Hubungan ini dasarnya adalah iman. Disini setiap individu dituntut untuk memahami dan memiliki ilmu berukhuwwah sesuai dengan al-Qur’an dan Sunnah. Dan seandainya kamu berselisih akan sesuatu, maka kembalilah pada Allah dan Rasulnya, jika beriman kepada Allah dan hari akhir (An-Nisa’ : 59).
Persahabatan yang tidak karena Allah dan tidak merujuk kepada perintahNya bukanlah ukhuwwah. Karena itu istilah ukhuwwah wathaniyyah tidak relevan dan keluar dari konteks ini. (Hadis “Mencintai negara adalah sebagian dari iman” adalah hadis Dhaif)
Kedua, dimensi individual (fardiyyah) yakni ukhuwwah dalam bentuk nyata hubungan antar individu di masyarakat. Didalamnya terdapat etika hubungan, sikap mental, tutur kata, solidaritas, belas kasih, timbang rasa dan lain-lain yang telah disebutkan diatas.
Keseluruhan bentuk hubungan individu ini tidak lepas dari asas dimensi keimanan. Karena itu Rasulullah menjelaskan hubungan antara iman dan sikap-sikap kita dalam ber-ukhuwwah dalam sabdanya: Yang paling kokoh pertalian iman ialah kasih sayang pada jalan Allah dan marah pada jalan Allah (HR.Ahmad)
Ketiga, dimensi sosial (ijtima’iyyah), yakni ukhuwwah dalam bentuk hubungan individu dengan masyarakatnya. Disini kesalehan individual harus disempurnakan dengan kesalehan sosial.
Bersikap lemah lembut dengan tetangga, kawan, saudara dan lain-lain tidak cukup jika tidak disertai kepedulian terhadap urusan umat Islam secara keseluruhan. Sabdanya: Barangsiapa tidak perduli dengan urusan kaum Muslimin, maka ia bukanlah bagian dari mereka. (H.R. al-Hakim dari Hudzaifah dan ath-Thabrani dari Abu Dzar)
Jadi esensi ber-ukhuwwah adalah menyeluruh (syamil) mengandung proses beriman dan bertakwa, berbelas kasih antara individu dan peduli terhadap keadaan umat secara keseluruhan.
Ketiga dimensi ini tidak dapat dipisah-pisahkan, ia adalah suatu kesatuan. Jika terjadi perselisihan dalam proses pengamalan ketiga dimensi ini, maka penyelesaian psikologisnya adalah dengan apa yang disebut ulfah (saling menjinakkan).

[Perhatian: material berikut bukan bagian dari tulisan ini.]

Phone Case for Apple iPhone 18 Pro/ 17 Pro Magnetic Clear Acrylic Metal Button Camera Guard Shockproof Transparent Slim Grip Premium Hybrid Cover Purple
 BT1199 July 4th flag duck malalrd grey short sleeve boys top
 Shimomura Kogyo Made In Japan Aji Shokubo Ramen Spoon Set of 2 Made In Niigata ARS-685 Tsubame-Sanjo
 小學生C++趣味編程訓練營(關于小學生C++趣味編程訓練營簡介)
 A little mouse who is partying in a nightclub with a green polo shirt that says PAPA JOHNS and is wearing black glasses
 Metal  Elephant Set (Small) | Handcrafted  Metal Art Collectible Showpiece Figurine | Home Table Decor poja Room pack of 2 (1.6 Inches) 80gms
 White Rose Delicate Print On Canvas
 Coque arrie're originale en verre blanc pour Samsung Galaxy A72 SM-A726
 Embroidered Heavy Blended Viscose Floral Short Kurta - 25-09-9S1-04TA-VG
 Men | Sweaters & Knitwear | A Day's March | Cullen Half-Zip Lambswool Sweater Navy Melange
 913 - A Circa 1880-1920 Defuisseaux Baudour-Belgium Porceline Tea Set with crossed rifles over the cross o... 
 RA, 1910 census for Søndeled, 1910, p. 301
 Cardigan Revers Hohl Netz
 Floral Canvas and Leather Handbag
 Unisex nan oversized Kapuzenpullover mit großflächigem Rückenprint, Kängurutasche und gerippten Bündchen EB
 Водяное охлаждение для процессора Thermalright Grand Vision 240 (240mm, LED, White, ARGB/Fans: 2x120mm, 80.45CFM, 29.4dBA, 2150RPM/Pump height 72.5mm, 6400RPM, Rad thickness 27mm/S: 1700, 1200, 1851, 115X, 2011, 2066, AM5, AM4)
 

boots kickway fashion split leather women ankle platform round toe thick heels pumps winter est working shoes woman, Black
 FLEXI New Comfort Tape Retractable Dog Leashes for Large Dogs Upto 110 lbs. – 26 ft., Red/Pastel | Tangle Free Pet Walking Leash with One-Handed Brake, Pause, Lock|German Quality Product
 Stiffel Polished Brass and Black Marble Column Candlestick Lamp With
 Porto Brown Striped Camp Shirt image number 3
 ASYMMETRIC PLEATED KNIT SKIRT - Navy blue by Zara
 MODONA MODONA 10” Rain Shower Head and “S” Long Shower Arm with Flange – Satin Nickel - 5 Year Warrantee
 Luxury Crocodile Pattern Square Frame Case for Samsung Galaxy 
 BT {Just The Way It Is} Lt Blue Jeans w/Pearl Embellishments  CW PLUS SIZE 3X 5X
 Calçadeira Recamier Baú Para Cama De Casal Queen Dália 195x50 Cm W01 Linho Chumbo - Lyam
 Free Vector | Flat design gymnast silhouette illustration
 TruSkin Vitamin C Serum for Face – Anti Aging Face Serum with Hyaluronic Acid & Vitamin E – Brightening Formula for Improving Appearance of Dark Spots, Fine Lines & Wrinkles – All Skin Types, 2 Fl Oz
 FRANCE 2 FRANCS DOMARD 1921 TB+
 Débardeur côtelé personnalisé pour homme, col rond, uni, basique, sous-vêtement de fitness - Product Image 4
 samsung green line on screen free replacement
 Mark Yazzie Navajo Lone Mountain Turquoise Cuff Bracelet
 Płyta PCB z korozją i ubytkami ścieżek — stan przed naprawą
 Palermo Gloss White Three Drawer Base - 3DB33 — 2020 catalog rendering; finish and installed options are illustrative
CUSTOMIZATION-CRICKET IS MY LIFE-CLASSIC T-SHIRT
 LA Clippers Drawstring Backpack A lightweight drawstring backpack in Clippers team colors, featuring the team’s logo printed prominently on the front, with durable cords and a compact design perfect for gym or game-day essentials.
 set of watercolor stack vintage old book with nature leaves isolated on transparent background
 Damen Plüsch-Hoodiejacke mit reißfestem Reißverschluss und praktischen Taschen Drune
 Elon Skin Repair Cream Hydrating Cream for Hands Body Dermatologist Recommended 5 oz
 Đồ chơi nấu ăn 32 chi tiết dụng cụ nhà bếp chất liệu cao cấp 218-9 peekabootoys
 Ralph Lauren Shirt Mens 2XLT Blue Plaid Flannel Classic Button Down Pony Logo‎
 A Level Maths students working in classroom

Jika seorang muslim tidak mau dijinakkan hatinya dan tidak mau menjinakkan hati saudaranya maka ia tidak dapat dapat berukhuwwah. Kemampuan dan kemauan sesorang untuk menjinakkan dan dijinakkan hatinya adalah tanda keimanannya.
Sebab dalam hadis disebutkan: “Sesungguhnya yang terlebih dekat kedudukannya kepadaKu ialah yang terbaik akhlaknya dari pada kamu, yang berkelakuan lemah lembut dari mereka, dimana mereka itu menjinakkan hati orang dan orang menjinakkan hati mereka". (H.R. Tabrani dari Jabir). Lihat hadis-hadis senada dibawah ini :
Sabda Nabi yang lain: “Orang mukmin itu ialah yang menjinakkan hati orang dan dijinakkan hatinya. Dan tiadalah kebajikan pada orang yang tidak menjinakkan dan tidak dijinakkan hatinya. (HR. Ahmad dan Tabrani dari Abu Hurairah dan sahih).
Yang amat dikasihi diantara kamu oleh Allah, ialah mereka yang menjinakkan hati orang lain dan yang dijinakkan hatinya oleh orang lain. Dan amat dimarahi oleh Allah diantara kamu ialah orang-orang yang menyebar fitnah, yang mencerai-beraikan diantara sesama saudara. (H.R. Tabrani dari Abu Hurairah).
Maka sangat bertentangan dengan hadis ini jika seseorang itu dianggap dekat dengan Allah tapi tidak dapat dijinakkan hatinya dan tidak mau menjinakkan hati saudaranya.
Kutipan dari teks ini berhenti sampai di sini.